ACTION ITEM:
In the entries that follow, the line with "SKF Radlagersatz Vkba" opens the range and the line with "Bộ 3 chiếc Khẩu" closes it; repeat that range exactly, both lines included.

RECORD EXCERPTS:

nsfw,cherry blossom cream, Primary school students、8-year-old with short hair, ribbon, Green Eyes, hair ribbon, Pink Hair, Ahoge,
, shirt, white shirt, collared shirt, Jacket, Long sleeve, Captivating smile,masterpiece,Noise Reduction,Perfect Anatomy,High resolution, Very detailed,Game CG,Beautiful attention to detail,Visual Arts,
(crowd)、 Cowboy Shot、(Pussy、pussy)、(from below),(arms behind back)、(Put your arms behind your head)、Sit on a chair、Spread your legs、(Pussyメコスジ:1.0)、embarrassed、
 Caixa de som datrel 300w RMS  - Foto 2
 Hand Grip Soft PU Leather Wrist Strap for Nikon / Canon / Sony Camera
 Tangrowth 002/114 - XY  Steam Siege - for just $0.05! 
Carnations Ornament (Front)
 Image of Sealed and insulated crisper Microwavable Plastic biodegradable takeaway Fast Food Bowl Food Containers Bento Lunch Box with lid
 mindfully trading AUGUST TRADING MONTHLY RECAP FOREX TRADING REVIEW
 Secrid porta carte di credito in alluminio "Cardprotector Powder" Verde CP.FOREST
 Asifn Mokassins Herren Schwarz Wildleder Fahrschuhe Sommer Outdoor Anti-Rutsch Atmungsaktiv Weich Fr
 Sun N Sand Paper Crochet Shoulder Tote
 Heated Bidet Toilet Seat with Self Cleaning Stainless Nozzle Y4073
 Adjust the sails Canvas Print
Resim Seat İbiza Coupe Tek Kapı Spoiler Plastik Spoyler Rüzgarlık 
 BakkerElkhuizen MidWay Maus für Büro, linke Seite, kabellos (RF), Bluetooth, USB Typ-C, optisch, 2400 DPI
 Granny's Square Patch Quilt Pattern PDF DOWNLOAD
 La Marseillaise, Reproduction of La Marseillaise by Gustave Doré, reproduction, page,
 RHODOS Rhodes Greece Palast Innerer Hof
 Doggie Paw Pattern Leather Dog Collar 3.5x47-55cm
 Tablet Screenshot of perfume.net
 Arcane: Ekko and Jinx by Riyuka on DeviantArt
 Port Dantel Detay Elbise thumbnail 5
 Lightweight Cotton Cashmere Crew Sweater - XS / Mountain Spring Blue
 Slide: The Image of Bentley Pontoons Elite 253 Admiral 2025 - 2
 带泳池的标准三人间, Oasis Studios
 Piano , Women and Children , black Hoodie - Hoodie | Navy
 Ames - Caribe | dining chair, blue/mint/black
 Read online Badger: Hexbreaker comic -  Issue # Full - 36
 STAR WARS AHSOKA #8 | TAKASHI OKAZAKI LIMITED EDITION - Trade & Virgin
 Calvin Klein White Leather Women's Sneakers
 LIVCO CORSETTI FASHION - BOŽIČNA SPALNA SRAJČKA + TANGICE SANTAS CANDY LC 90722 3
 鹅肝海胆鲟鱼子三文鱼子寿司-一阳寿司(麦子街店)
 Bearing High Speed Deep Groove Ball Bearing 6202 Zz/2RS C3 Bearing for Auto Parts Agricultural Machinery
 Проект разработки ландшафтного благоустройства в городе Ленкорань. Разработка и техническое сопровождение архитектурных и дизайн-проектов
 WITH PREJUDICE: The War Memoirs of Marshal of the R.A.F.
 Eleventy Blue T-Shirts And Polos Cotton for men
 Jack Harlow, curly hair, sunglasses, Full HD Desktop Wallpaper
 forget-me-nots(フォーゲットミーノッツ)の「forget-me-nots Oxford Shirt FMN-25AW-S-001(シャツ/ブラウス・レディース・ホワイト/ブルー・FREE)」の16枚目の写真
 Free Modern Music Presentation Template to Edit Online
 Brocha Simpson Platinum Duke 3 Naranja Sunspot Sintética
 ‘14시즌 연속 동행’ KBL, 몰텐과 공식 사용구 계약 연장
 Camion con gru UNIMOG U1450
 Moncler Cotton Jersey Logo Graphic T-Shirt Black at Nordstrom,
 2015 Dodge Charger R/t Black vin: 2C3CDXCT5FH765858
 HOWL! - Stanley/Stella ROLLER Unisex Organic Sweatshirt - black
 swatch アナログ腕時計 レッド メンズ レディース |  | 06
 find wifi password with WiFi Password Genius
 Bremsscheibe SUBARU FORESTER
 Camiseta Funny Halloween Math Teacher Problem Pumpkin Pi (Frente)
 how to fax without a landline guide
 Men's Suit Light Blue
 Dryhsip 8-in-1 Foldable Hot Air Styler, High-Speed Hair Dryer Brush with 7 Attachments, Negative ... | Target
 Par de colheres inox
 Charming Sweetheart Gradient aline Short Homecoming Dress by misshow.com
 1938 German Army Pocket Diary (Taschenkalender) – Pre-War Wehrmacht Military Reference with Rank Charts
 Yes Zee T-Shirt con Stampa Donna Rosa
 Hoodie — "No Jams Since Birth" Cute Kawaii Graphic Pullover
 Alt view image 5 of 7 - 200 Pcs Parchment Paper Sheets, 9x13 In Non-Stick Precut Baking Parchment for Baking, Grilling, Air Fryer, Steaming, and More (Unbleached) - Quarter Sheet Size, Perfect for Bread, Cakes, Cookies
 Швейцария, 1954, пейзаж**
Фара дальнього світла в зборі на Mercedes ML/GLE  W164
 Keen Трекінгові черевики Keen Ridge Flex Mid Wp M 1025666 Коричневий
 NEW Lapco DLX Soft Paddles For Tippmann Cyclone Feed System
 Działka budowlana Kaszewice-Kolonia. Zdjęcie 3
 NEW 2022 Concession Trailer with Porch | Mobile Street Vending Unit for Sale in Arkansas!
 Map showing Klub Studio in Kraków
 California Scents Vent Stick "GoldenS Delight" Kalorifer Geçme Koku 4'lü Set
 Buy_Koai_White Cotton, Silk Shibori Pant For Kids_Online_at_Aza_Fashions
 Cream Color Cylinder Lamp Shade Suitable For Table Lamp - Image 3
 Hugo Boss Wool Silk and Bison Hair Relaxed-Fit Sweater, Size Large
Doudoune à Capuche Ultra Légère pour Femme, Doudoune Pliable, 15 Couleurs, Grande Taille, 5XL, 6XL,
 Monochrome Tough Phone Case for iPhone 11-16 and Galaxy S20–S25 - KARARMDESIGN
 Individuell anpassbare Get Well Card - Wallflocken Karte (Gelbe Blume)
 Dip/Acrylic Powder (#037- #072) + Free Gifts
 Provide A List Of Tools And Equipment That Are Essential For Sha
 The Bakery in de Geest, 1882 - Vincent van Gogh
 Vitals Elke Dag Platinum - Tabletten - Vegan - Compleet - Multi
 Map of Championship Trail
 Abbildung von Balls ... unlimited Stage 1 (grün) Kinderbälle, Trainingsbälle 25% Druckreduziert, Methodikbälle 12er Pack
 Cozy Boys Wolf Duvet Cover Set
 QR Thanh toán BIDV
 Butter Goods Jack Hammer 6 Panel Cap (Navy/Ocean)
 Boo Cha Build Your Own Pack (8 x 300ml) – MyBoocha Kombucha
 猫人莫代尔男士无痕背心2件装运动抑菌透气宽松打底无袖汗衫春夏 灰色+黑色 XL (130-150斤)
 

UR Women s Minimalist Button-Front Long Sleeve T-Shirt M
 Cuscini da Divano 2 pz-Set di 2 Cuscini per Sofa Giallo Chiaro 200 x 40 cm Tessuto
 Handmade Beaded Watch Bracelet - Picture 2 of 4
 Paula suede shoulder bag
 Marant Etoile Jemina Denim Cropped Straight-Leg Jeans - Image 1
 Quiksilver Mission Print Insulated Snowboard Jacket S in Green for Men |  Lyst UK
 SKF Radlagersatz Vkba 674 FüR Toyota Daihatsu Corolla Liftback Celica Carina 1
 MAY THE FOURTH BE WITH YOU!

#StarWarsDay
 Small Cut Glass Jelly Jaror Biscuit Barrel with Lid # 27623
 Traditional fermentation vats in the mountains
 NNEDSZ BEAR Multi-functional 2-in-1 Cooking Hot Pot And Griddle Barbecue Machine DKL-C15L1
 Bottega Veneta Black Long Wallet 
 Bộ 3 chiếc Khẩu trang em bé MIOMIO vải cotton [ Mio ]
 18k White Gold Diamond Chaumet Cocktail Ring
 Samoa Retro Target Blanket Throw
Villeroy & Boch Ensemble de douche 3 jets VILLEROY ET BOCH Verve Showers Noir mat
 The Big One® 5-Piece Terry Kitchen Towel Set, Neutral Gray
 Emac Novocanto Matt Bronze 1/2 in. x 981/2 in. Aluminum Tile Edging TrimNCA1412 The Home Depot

EXERCISE RESPONSE:
 SKF Radlagersatz Vkba 674 FüR Toyota Daihatsu Corolla Liftback Celica Carina 1
 MAY THE FOURTH BE WITH YOU!

#StarWarsDay
 Small Cut Glass Jelly Jaror Biscuit Barrel with Lid # 27623
 Traditional fermentation vats in the mountains
 NNEDSZ BEAR Multi-functional 2-in-1 Cooking Hot Pot And Griddle Barbecue Machine DKL-C15L1
 Bottega Veneta Black Long Wallet 
 Bộ 3 chiếc Khẩu trang em bé MIOMIO vải cotton [ Mio ]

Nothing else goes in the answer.